═════ Recorded data ═════

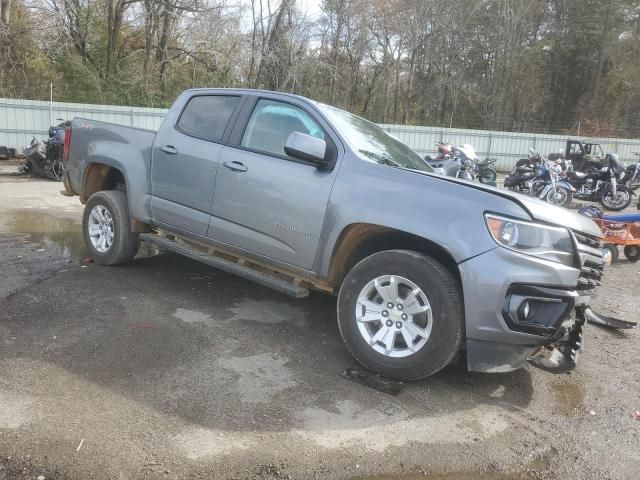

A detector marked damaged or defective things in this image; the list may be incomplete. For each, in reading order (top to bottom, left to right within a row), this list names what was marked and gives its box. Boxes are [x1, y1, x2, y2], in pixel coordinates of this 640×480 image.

crashed motorcycle [19, 119, 69, 181]
wrecked vehicle [19, 119, 69, 181]
crashed motorcycle [564, 154, 636, 212]
wrecked vehicle [62, 87, 608, 378]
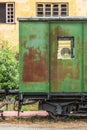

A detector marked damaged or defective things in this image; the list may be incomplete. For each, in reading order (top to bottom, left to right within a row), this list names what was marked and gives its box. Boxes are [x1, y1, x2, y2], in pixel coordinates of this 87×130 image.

rust stain [22, 47, 48, 82]
rusty metal door [49, 22, 83, 92]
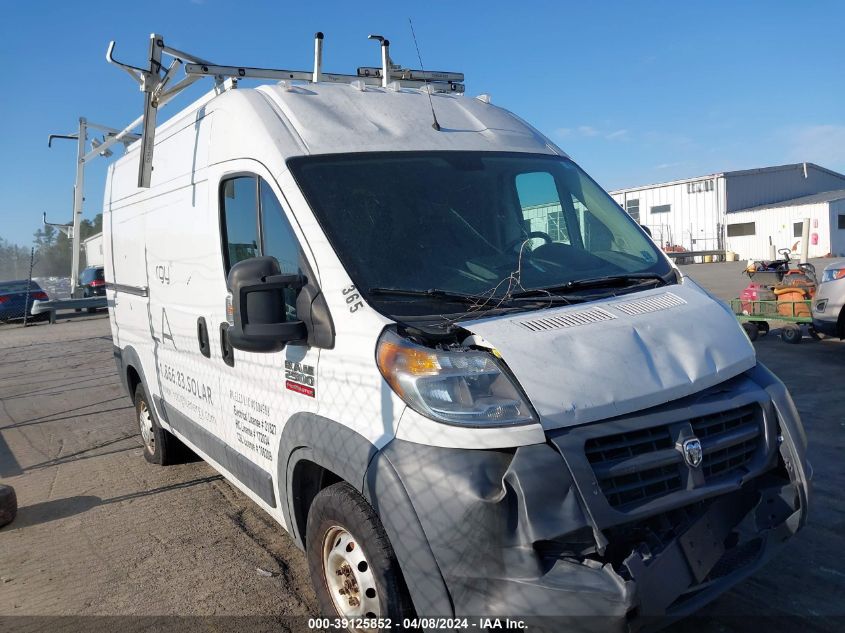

═════

▶ _Work to complete_:
Pictures are to be dropped; every line of the records is to be returned unchanged.

▶ _Solution to the problem_:
A detector marked damaged or defective things in this image; the list may be incomplete. For each, in reading order (top to bottom, left to right within a row), this list names what was marked and gives its box. Boxes are [x1, y1, x2, y2], in pixel coordinates of this 640×480 image.

crashed motorcycle [19, 119, 69, 181]
wrecked vehicle [19, 119, 69, 181]
crashed motorcycle [564, 154, 636, 212]
wrecked vehicle [62, 87, 608, 378]

A detector marked damaged or defective things in this image; the list may be incomplete. For each, in reading order (top to bottom, left to right within a row), this list names what was marked and gives its box. Boxes are [x1, y1, x2, y2], in pixel coordinates of this 87×130 image.

rust stain [22, 47, 48, 82]
rusty metal door [49, 22, 83, 92]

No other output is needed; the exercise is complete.